Cet accord est cependant plus restrictif que le régime général des étrangers sur certains points. Les visas étudiants sont plus par exemple plus restreints. Quant aux dispositions liées aux expulsions comme la délivrance d'OQTF (obligation de quitter le territoire français), elles relèvent du droit commun et sont les mêmes.

Macron agacé par les demandes pour mettre fin à cet accord

Ces accords ont été déjà été modifiés à trois reprises, vidées au fur et à mesure de mesures très symboliques. L'objectif affiché: tenter de rapprocher le statut des Algériens du droit commun pour les étrangers.

La France peut-elle décider de mettre fin à ces accords entre la France et l'Algérie comme le réclament le RN et la droite? Pour l'instant, Emmanuel Macron a toujours fermé la porte à cette hypothèse.

Le chef de l'État avait fait savoir son agacement en novembre 2023 quand Édouard Philippe avait appelé à la fin de cet accord quelques semaines plus tôt. L'ex-Premier ministre soutenait en effet un projet de résolution de la droite pour mettre fin à ce traité.

"Je n’avais pas compris que la politique étrangère de la France était définie au Parlement", avait ironisé le chef de l'État devant le Conseil des ministres.

Le gouvernement favorable à la renégociation

C'est que toute remise en cause de cet accord doit nécessairement avoir l'aval de l'Élysée. La diplomatie est également le "domaine réservé" du chef de l'État dans les us et coutumes politiques. Rien n'empêche cependant le Parlement de tenter de mettre la pression sur Emmanuel Macron pour tenter d'infléchir sa position.

En décembre 2023, en plein examen du projet de loi immigration à l'Assemblée nationale, le gouvernement avait affirmé, par la voix d’Élisabeth Borne, être ouvert à une renégociation de l’accord mais pas à la fin de son accord.

Il faut dire que sa dénonciation pourrait avoir un effet contre-productif, notamment d’un point de vue migratoire, alors que les pays avaient opéré un rapprochement depuis 2022, après des années de fortes tensions.

Forts liens économiques entre l'Algérie et la France

En cas de disparition de l'accord entre Paris et Alger, le pouvoir algérien pourrait être tenté de mesures de rétorsion.

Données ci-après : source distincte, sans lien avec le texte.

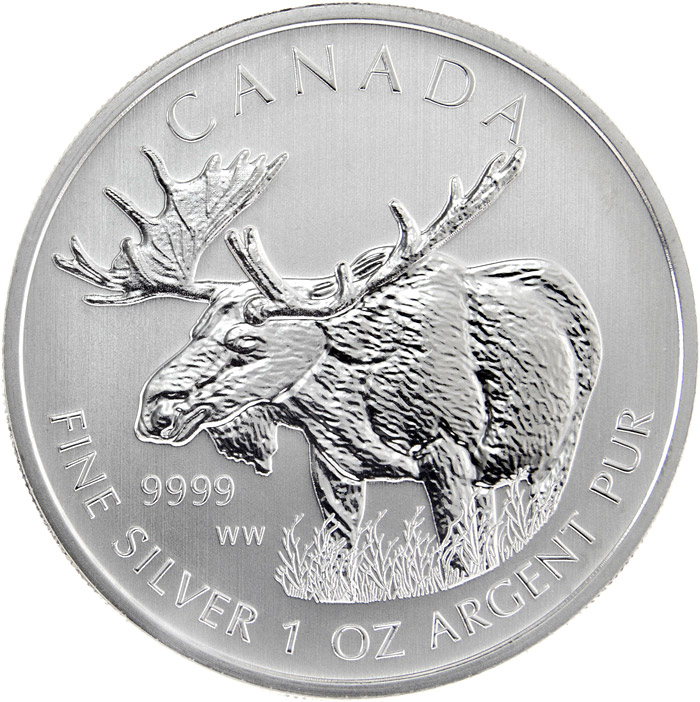 Image of 5 dollars coin - The Moose | Canada 2012.  The Silver coin is of BU quality.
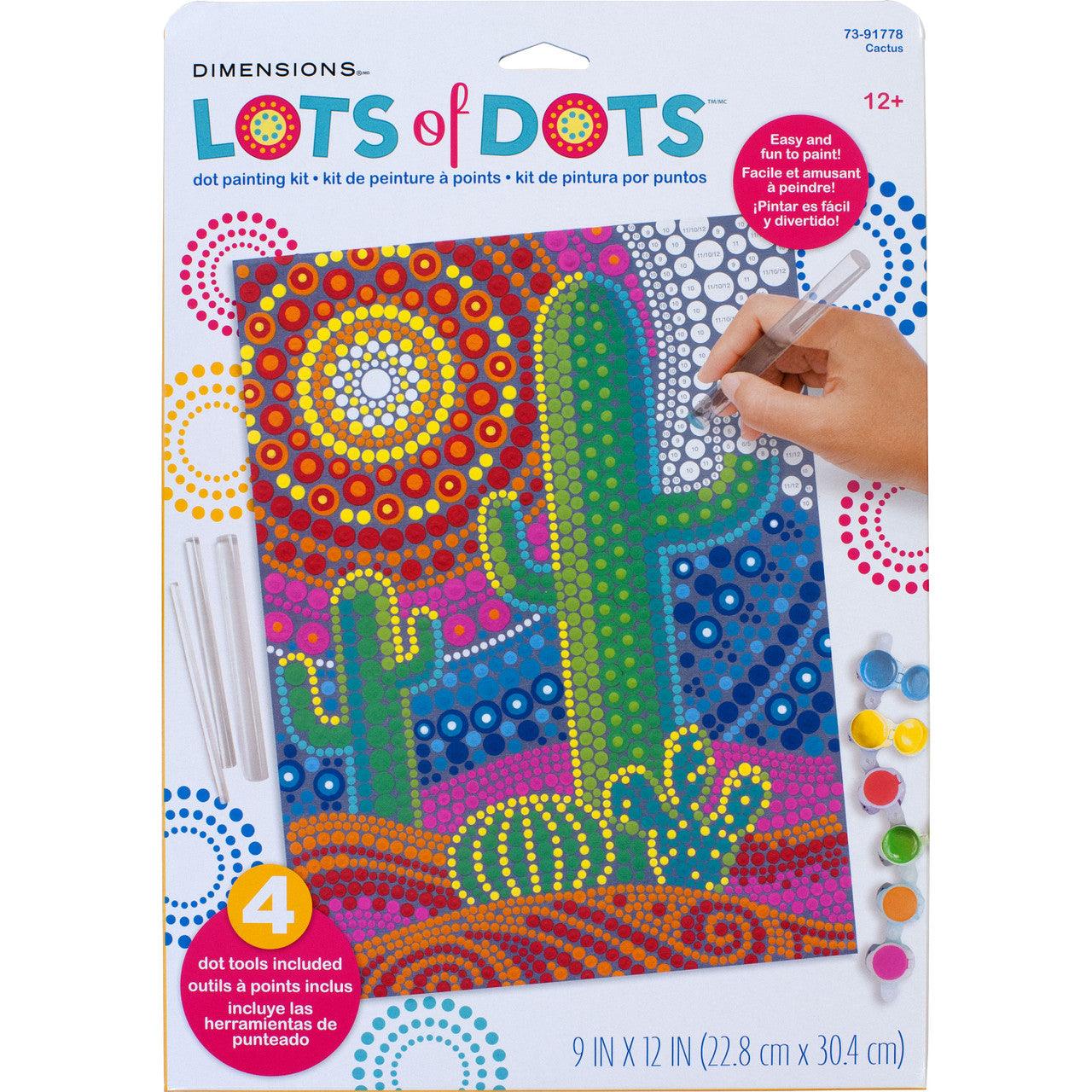 CACTUS DOTS 9x12, Paint by Number Kit, DIMENSIONS PAINTWORKS (73-91778) - Leo Hobby
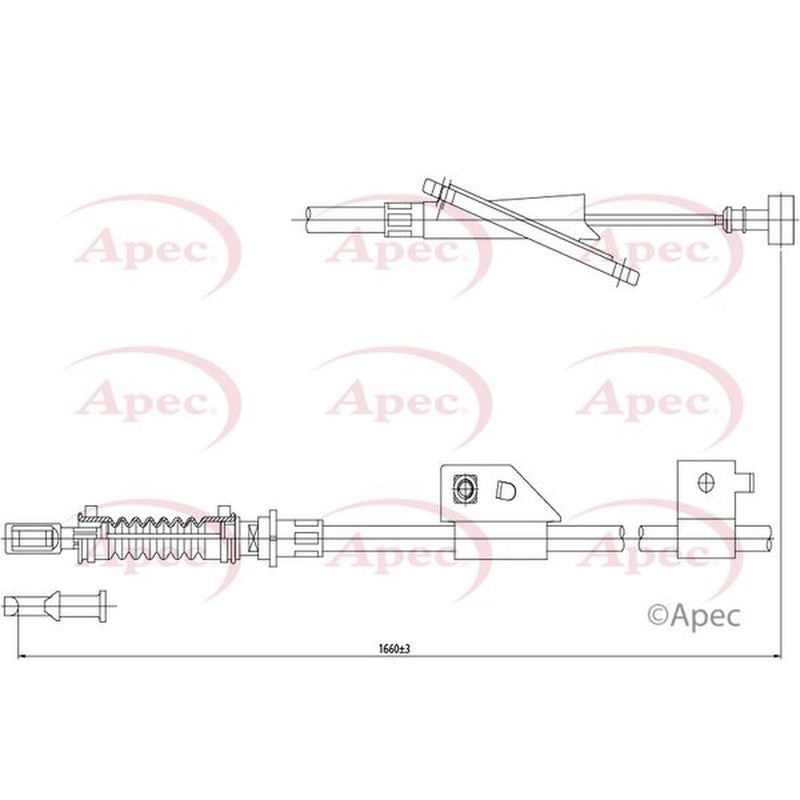 Apec Handbrake Cable Right Rear CAB1402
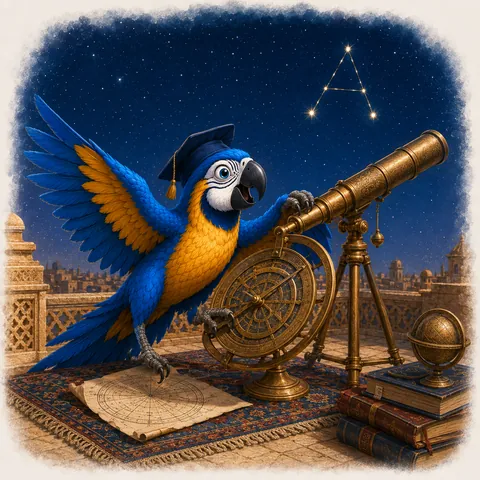 The ParrotTalk parrot mascot cheering with a raised fist beside a rocket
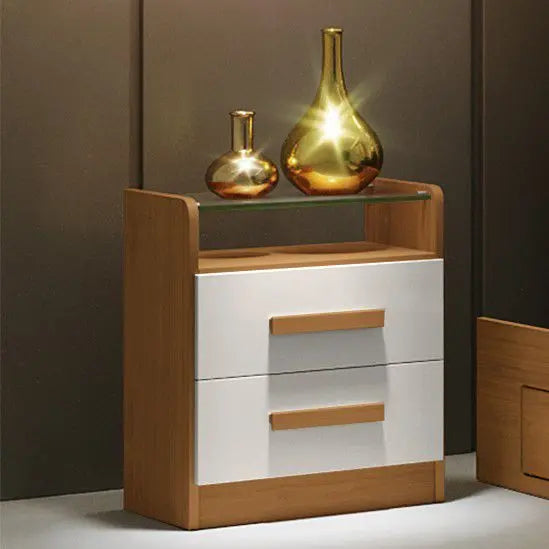 Mesa de Cabeceira New Athos (Com Vidro) - Cinamomo/Off White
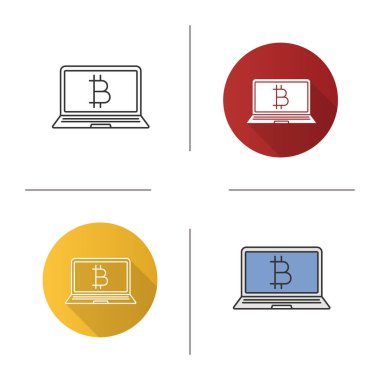 Bitcoin dijital cüzdan simgesi. Tasarım, doğrusal düz ve stilleri renk. Cryptocurrency. Dizüstü bitcoin işareti ile. İzole vektör çizimler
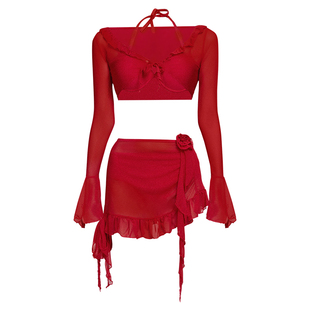 朵乐滋2025新款分体泳衣女高级感泡温泉纯欲性感海边度假平角泳装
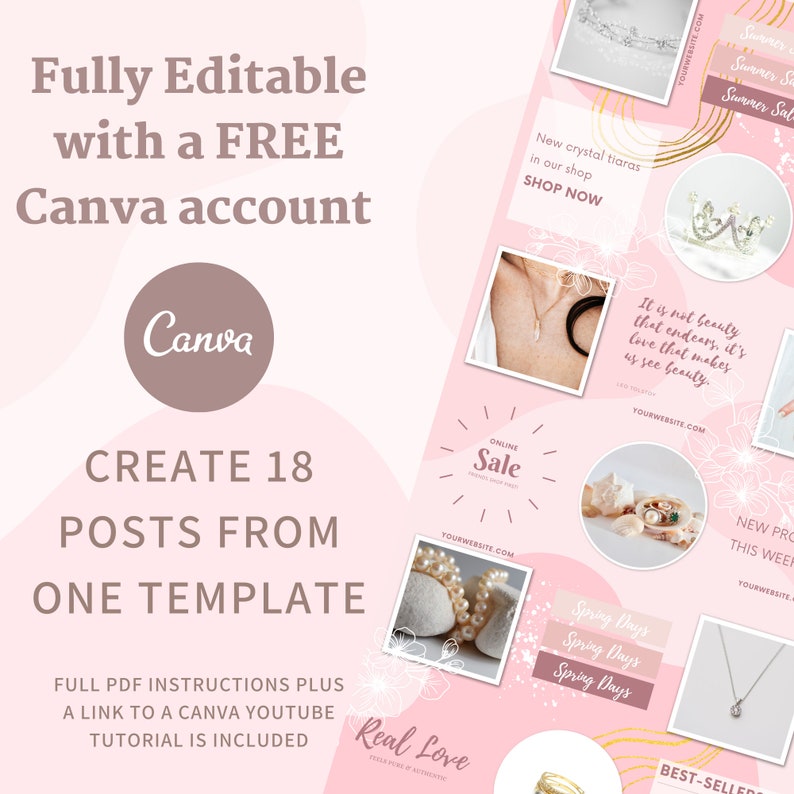 Instagram Puzzle Template, Instagram Post Template, Canva Instagram Templates, Instagram Puzzle Feed Template, 18 Posts, GPE1 Bild 2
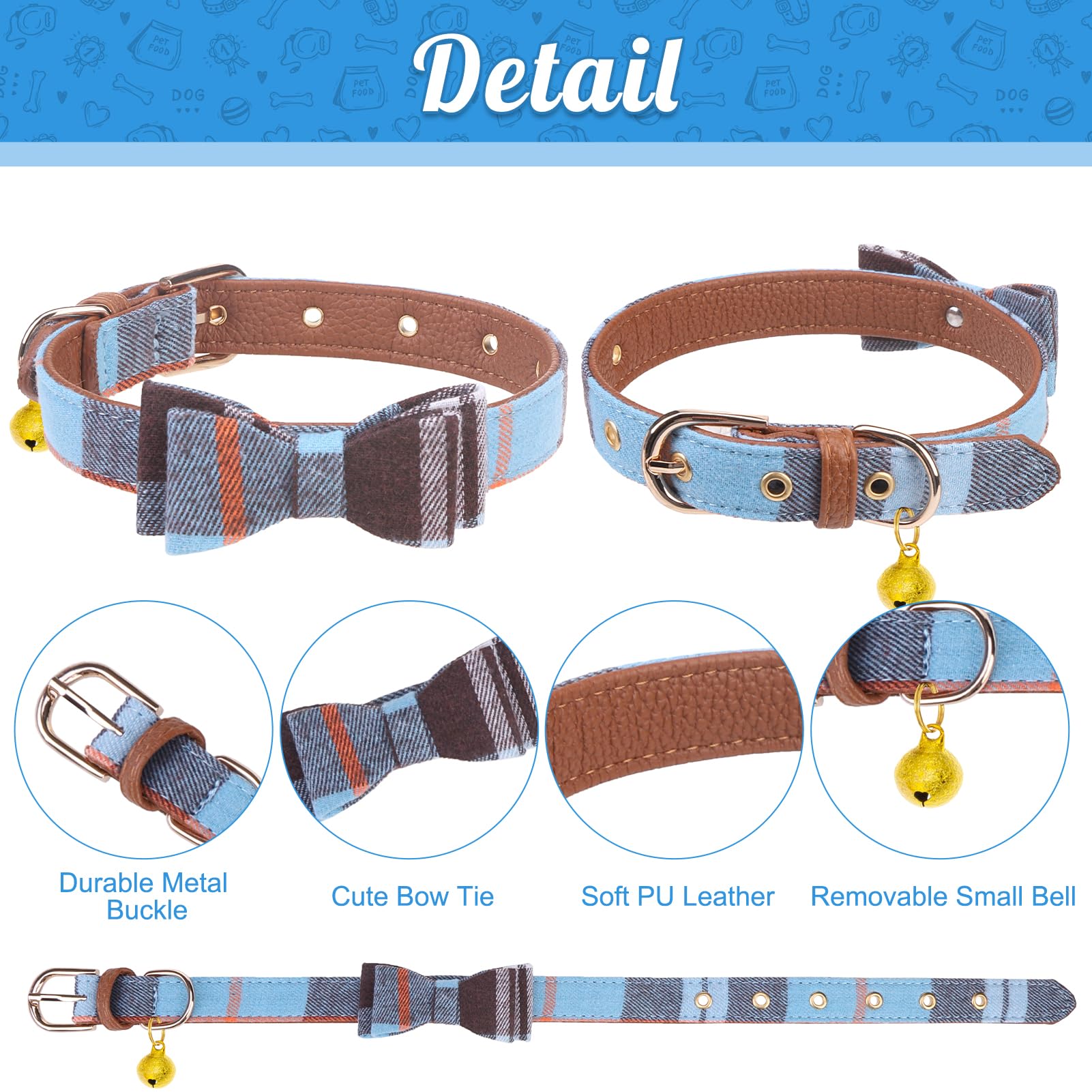 Expawlorer Dog Collar And Leash Set - Classic Plaid Dog Collar With Bow Tie, 360 Swivel No Tangle Dog Leash, Adjustable Dog Coll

L'Algérie pourrait par exemple réduire considérablement le nombre de laissez-passer consulaires, ce document délivré par le pays d'origine de la personne sous le coup d'une OQTF (obligation de quitter le territoire français) et sans lequel la France ne peut pas l'expulser.

La mesure ferait pour le moins mauvais effet pour Bruno Retailleau qui a fait de cette question son cheval de bataille. Si Emmanuel Macron n'a pas hésité à hausser le ton à l'encontre de l'Algérie lundi dernier devant les ambassadeurs réunis à l'Élysée, concernant notamment l'arrestation de l'écrivain franco-algérien Boualem Sansal, il s'est bien gardé d'évoquer l'accord entre Paris et Alger.

Faut-il y voir des raisons économiques? En dépit de fortes turbulences entre les deux pays après un net réchauffement des relations des dernières années, le commerce entre les deux pays se porte très bien.

En 2023, les échanges commerciaux entre la France ont nettement progressé, notamment sur le front du gaz et du pétrole. En 2023, les exportations algériennes d'hydrocarbure avaient augmenté de 15% sur fond de guerre en Ukraine et de volonté de réduire la dépendance française au gaz russe. Reste à savoir si cette relation commerciale ne va pas être bouleversée par les récentes tensions diplomatiques.